I feel certain that spending quality time is a societal challenge and is actually under attack, given that the internet provides 24/7 access to work and any desire of the body, mind, or spirit, television can be seen at all hours of the day and extra curricular activities are offered seven days a week. I can remember when the work day was actually 9-5, the Star Spangled Banner would play at midnight, just before the television would turn to a staticky screen, and there were no activities on Wednesdays or Sundays.
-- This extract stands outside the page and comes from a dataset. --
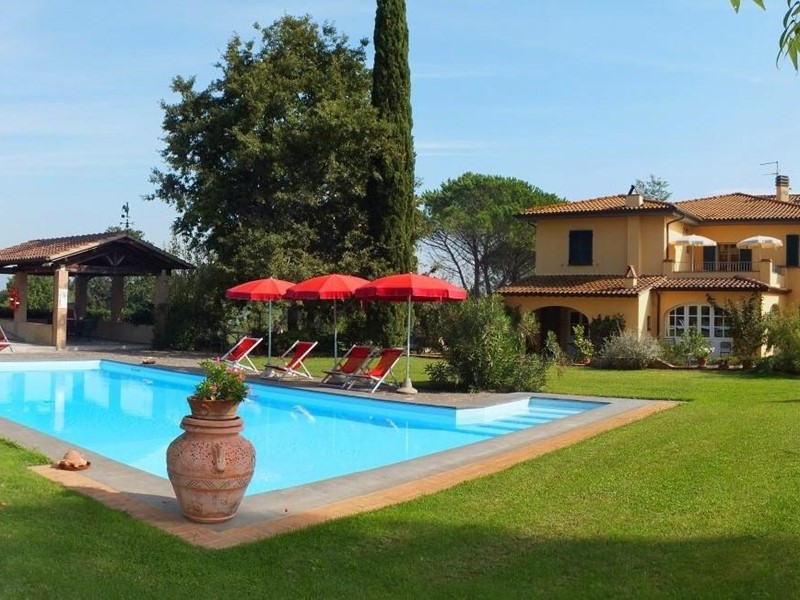 Casale in Vendita a Fauglia, 1'250'000€, 560 m²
Don’t get me wrong, I confess that I am preaching to the choir, as I have an extremely difficult time turning off the work switch and get very easily distracted. I also understand that Durant is 19 months old and has to learn that he is not the center of the universe. There are plenty of times I wish a new toy would distract him long enough to give me a break, but the reality is that I need to be overjoyed that my son wants my attention…After all, there will be a day when my presence alone will embarrass him! Furthermore, the internet and television provide many benefits that I access everyday, but with that said, I am also acutely aware that just because something is available and happens to be socially acceptable doesn’t mean that it’s good, healthy or something I should or need to take part in.

Rejecting many of our societal norms is like climbing an uphill battle, but I believe, with every fiber of my being, that denying the daily, consistent distractions that keep us from spending quality time with one another is the best gift we can give to ourselves, to our families, to our community and to the greater world.

In conclusion, time truly is our most valuable commodity. The question becomes how will we spend our time? As I reflect on last Tuesday, I realize the best time of my day was when I dedicated my full attention to Durant and my family. In addition, I recognize that as long as I plan to live a big and full life, I will have to master “The Juggle.” However, I must never lose sight of the most important ball of all, “quality time.”